Thursday, December 12, 2024

Homily for Feast of Our Lady of Guadalupe

Feast of Our Lady of Guadalupe

Dec. 12, 2024
Zech 2: 14-17
Christian Brothers, St. Joseph’s Residence, N.R.

Guadalupe Shrine, St. Joseph's Church
New Rochelle 2021

“Many nations shall join themselves to the Lord on that day, and they shall be his people, and he will dwell among you” (Zech 2: 15).

When the Virgin Mary appeared in 1531 to Juan Diego, humble campesino, member of a conquered race—barely a decade after Cortez’s conquest—she demonstrated God’s care for him, for his sick uncle, and for all their people.  With her mestizo features, she assumed the appearance of that conquered race.  Her pregnant appearance showed that her child also belonged to that race; that they identified with the lowly, the campesinos, the dispossessed, the downtrodden.

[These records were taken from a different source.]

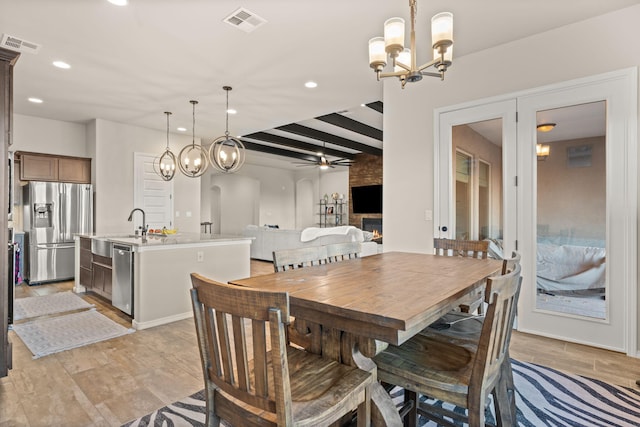 dining space featuring ceiling fan with notable chandelier, sink, light wood-type flooring, beamed ceiling, and a large fireplace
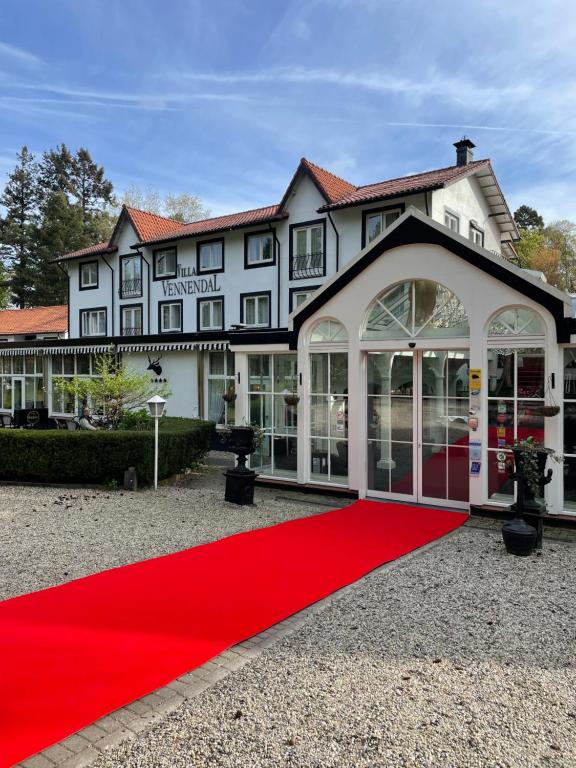 alfombra roja frente a un gran edificio en Landgoedhotel Villa Vennendal, en Nunspeet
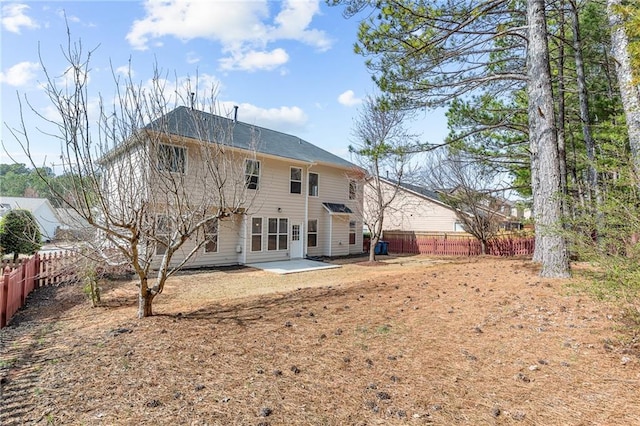 rear view of property with a patio area and a fenced backyard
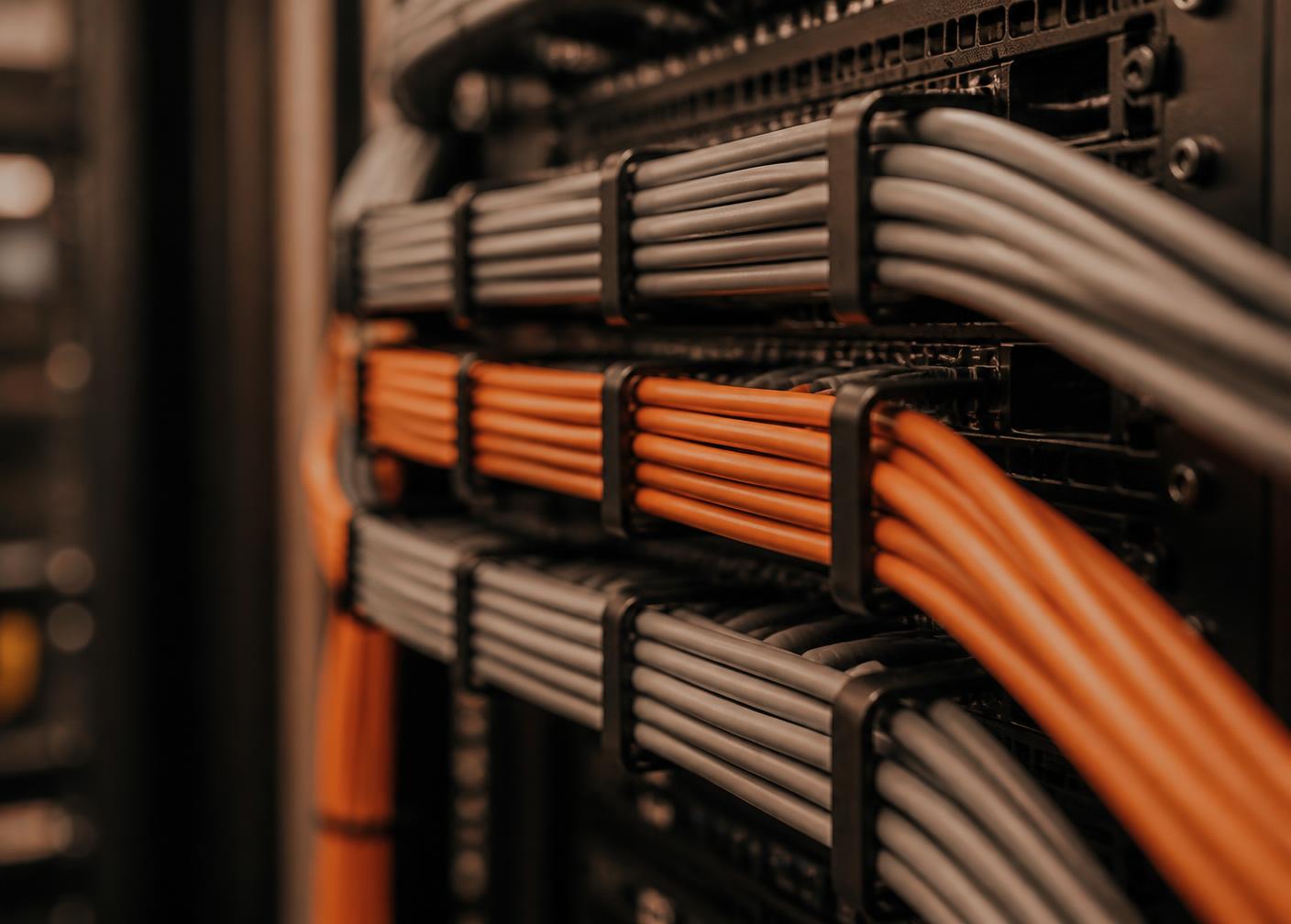 Close-up of neatly bundled grey and orange network patch cables in a server rack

As today’s collect notes, she took these people under her singular protection.  The conquered peoples of the Americas also are God’s people, as much as the conquering Spaniards.  Thru the son to be born of pregnant Mary, God dwells among them.

John Paul II added the OL of Guadalupe to the Roman calendar as an optional memorial.  Writing of her to the Mexican people in 1970, St. Paul VI drew from her story the message that Mary’s devotees must be concerned to elevate all the lowly, all the world’s Juan Diegos—thru education, dignified work, meeting the needs of every brother and sister of Christ, including all those “placed at the margins of the advantages of civilization and progress.”  He said that 43 years before the election of Francis, the Pope of the margins.

Brothers, we are religious of the marginalized.  That’s essential to your charism and to Don Bosco’s.  You here are on the margins, I’d say, and so it’s a privilege as well as a duty for me to come to you twice a week.  But even here you continue your ministry for the marginalized people of the world by your prayers for your brothers and Edmund’s associates who are in direct ministry and by your prayers for migrants and refugees, for those afflicted by violence and natural disasters, for the persecuted, for the young who are searching for meaning in their lives—for all who, at least implicitly, long for God to dwell with them.  Thus you identify with OL of Guadalupe and thru her with her Son.